<<<<
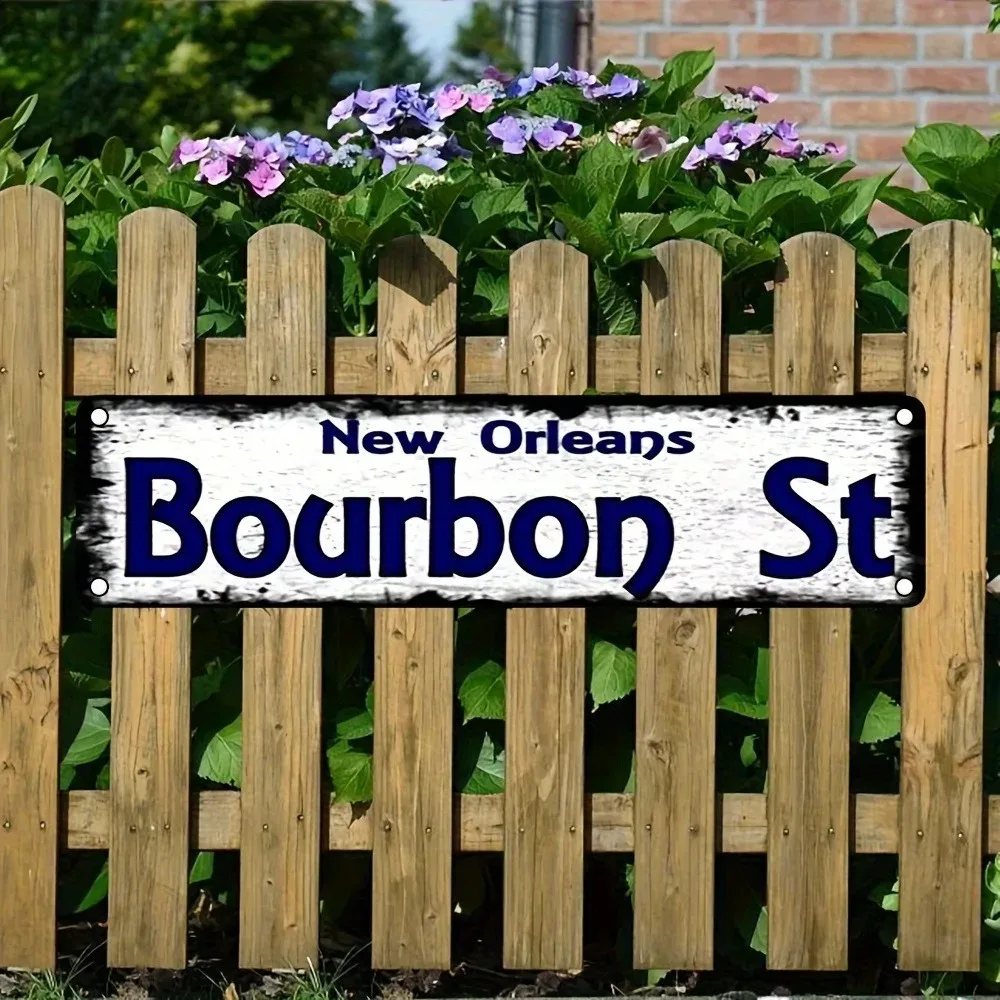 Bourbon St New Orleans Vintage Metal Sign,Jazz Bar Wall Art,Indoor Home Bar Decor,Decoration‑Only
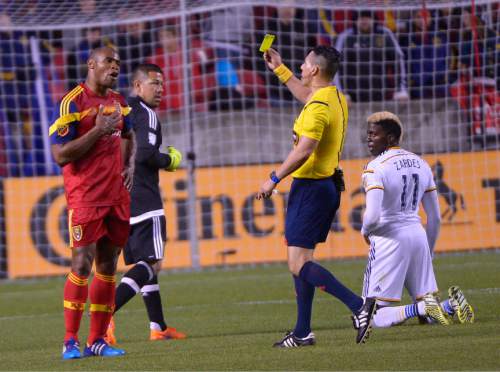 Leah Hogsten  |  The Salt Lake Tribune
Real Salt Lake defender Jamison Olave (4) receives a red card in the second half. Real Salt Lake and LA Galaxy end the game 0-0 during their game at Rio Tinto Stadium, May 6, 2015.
>>>>
__Exercise prompt__:
Go through the data above and transcribe it in full, omitting any image.

__Solution below__:
 Bourbon St New Orleans Vintage Metal Sign,Jazz Bar Wall Art,Indoor Home Bar Decor,Decoration‑Only
 Leah Hogsten  |  The Salt Lake Tribune
Real Salt Lake defender Jamison Olave (4) receives a red card in the second half. Real Salt Lake and LA Galaxy end the game 0-0 during their game at Rio Tinto Stadium, May 6, 2015.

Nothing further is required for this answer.